Capture of tabular data in table format (e.g., invoice processing)
In Scan2x, it is possible to define the OCR functionality of a metadata field as Table or Table With Headers – for more information on how to do this, please see the OCR Zones best practices Tab.
Once a table OCR zone is defined, any tabular data found within the zone at scan time is formatted by Scan2x as a table, reflecting the structure of the document being scanned.
If the document has a table with six columns, the resulting data following OCR will also have six columns that exactly match the document.
While this is acceptable for some operations and documents, it is often necessary to ‘normalize’ the data coming from multiple document templates of the same type into one common format.
Let’s consider an Accounts Payable example:
When scanning creditor invoices from multiple different suppliers, it is normal that each supplier will have their own invoice layout. Positions of data on the page will change from supplier to supplier, and tabular data will change in both position and content – for example, ‘Supplier ABC’ may list each line item over six columns whereas ‘Supplier DEF’ may list each line item over nine columns of data.

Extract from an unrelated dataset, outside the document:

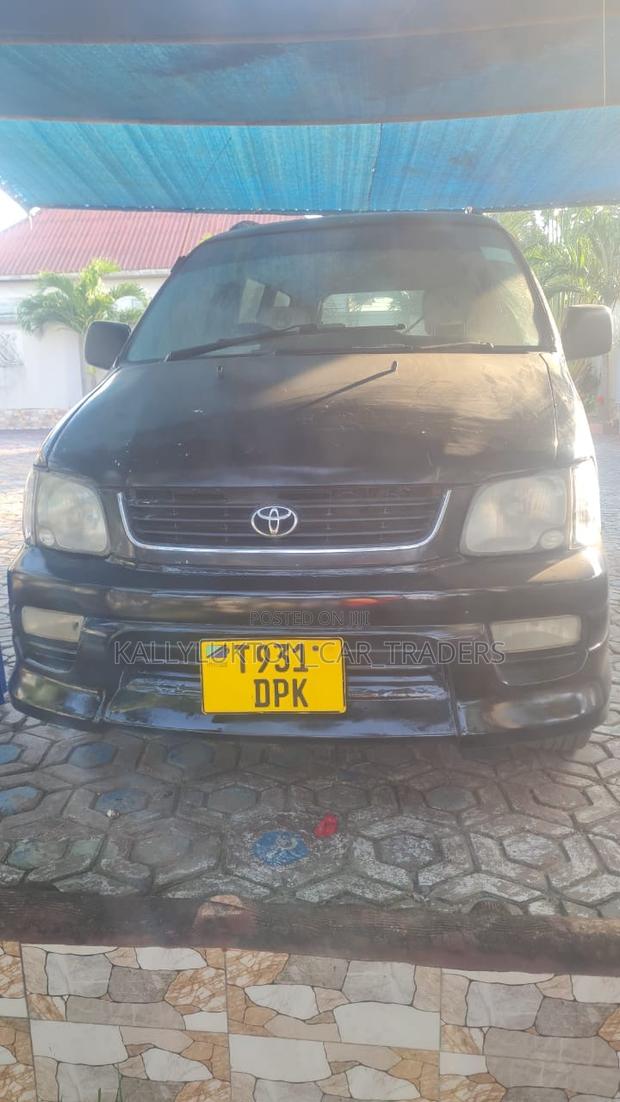 Toyota LiteAce Noah 2000 Black
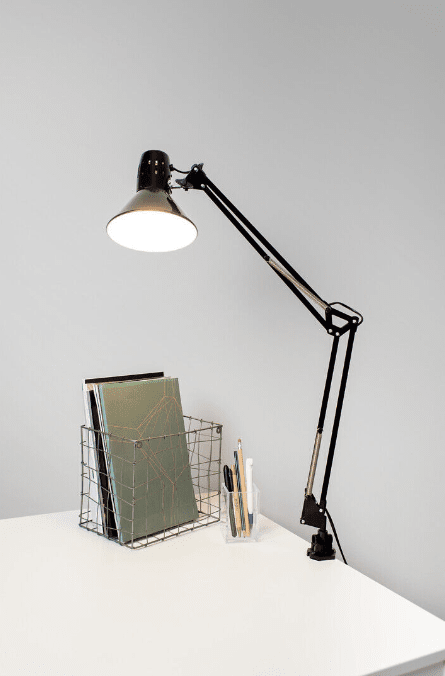 Venla Noir lampe à pince De Airam - C&acirc;ble de raccordement de 1,7 m et interrupteur marche/arr&ecirc;t.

If Scan2x is to process each of these invoices to provide input to an ERP system, that ERP will expect one common format of incoming data irrespective of which supplier invoice data is being supplied.
Scan2x is able to handle this data normalization by allowing a metadata field to be defined as a table, into which the standardized ERP format can be defined. A translation screen is then available which allows for the transformation of each templates’ data format to that of the ERP.